From the pollution which blights China's cities, to the carbon emissions warming our planet, the external costs of the world's largest coal industry are catastrophic. The Chinese government recognises the challenges and is encouraging the development of cleaner coal, more efficient coal power plants and energy efficiency.
The first step is cleaning up coal mining. Mining releases large amounts of methane stored below the earth's surface, a greenhouse gas 20 times more harmful than carbon dioxide.
Enviro Energy International Holdings Ltd. (HK:8182) is partnering with with PetroChina to develop the capture of coalbed methane in Xinjiang province, which can then be burned to produce relatively clean energy.
Green Dragon Gas (AIM:GDG) collects coal bed methane from four projects in Shanxi, Jiangxi, Anhui and Guizhou provinces and distributes it as copmressed natural gas (CNG).
New Smart Energy Group (HKG:0091) has recently acquired coal methane gas operations in Anhui province.
Energy service companies (ESCOs) are also homing in on China's coal addiction. ESCOs identify and finance building energy efficiency retrofits and use energy savings to pay back the initial investment.
US-based Honeywell International (NYSE:HON) has an active ESCO arm which implemented energy saving solutions at Tsingdao-Asahi’s brewery in Shenzhen, ultimately resulting in 17 percent annual energy savings.

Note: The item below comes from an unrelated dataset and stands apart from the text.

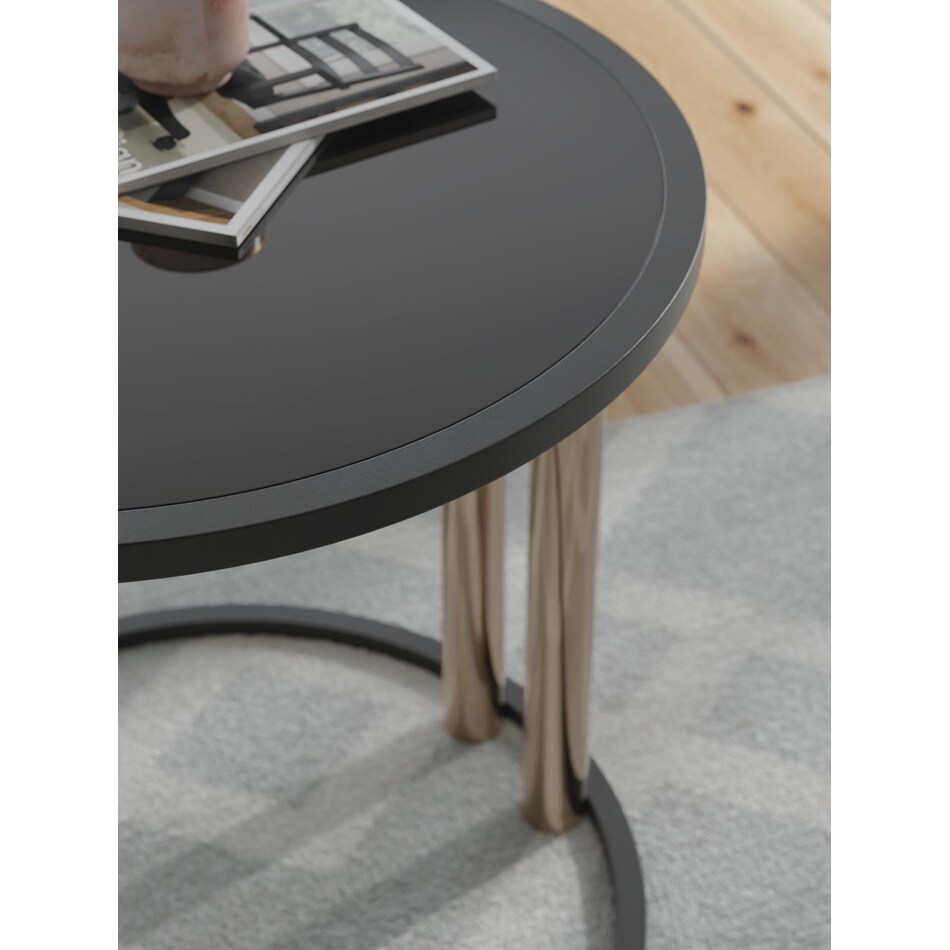 black gold finish occasional tables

China Energy Recovery, Inc. (OTC:CGYV) designs, manufactures and installs waste heat energy recovery systems which provide facilities with greater energy efficiency. This month the company won a US$1.42 million contract to design and manufacture two waste heat recovery systems for Chinese fertiliser company Hubei Yangfeng Group.
To satisfy growing demand for safer, cleaner coal, new mining technologies will alo have to be developed or imported.

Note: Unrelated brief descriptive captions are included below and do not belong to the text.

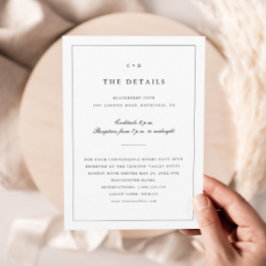 シンプルなモノクロの結婚式モノグラムの詳細 エンクロージャーカード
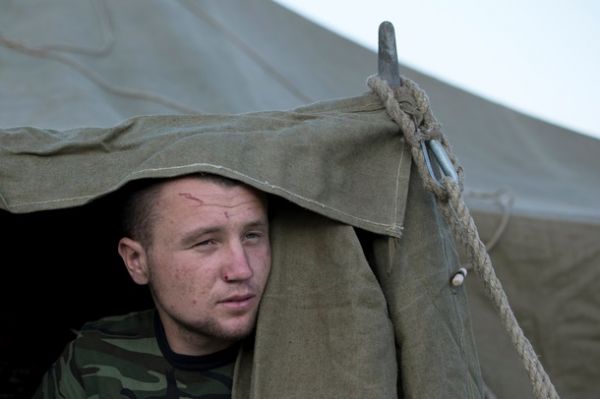 Лагерь украинских военных на территории России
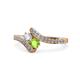 1 - Eleni Round Diamond and Peridot with Side Diamonds Bypass Ring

According to Chen Jiagui, vice-president of China's top think-tank the Chinese Academy of Social Sciences, only 43.5 billion tons of coal reserves can be extracted immediately using current mining methods, which means the immediate reserves can only sustain 15 years of China's coal consumption, if no further exploration or mining technology efforts are made.

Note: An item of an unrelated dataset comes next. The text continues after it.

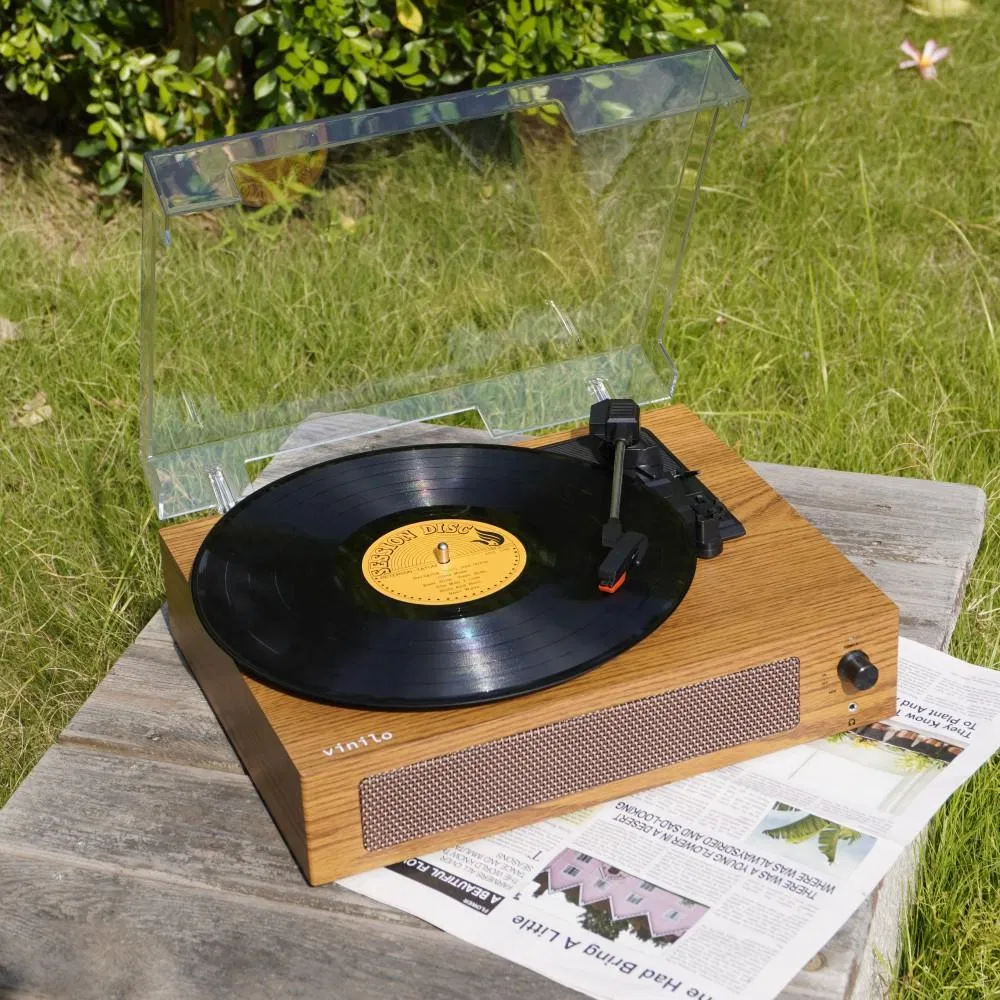 R108A Wooden Box Turntable Lp Playback HiFi Sound Effect Vinyl Record Player Phonograph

One technology that is already allowing much greater extraction rates is the long wall top coal caving (LTCC) method, used for extracting seams thicker than 4.5 m.
Yanzhou Coal Mining Co. (HK:1171) operates six underground coal mines in the Shandong Province of China using LTCC technology. Combined, they produce approximately 40 million metric tons per year.
Bucyrus International, Inc. (NASDAQ:BUCY) is one of the world's largest manufacturers of mining equipment with particular expertise in longwall and room and pillar coal mining. The company has a backlog of orders, inculding many from China. Bucyrus has supplied equipment to China's third largest mining company Datong Coal Mine Group Co. Ltd (SH:601001) for more than thirty years.
Coal can also be put to use as a liquid fuel.
Shenhua's (HK:1088) 24.5 billion yuan ($3.58 billion) coal-to-fuel (CTL) complex located near the city of Ordors, Inner Mongolia, has its own coal-fired power plant, gasification plants, and two massive reactors where coal will be liquefied.
Shenhua is rapidly expanding its operations - eight liquefaction plants are planned to be operational by 2020, producing, in total, more than 30 million tons of synthetic oil annually, enough to displace more than 10 percent of China's projected oil imports.
Shenhua also announced this month that it is to build China's first commercial carbon capture and storage (CCS) facility at the company's plant near Ordos that will be in full operation within two years.
The Yitai Group (SH:900948) operates a smaller 160,000-tonne CTL facility in Ordors, producing quality diesel oil and naphtha. The company has an annual output of 100 million tonnes of coal and claims its CTL facility will eventually produce 480,000 tonnes per year. The project began operation last year, with an investment of nearly 2.7 billion yuan (395 million U.S. dollars).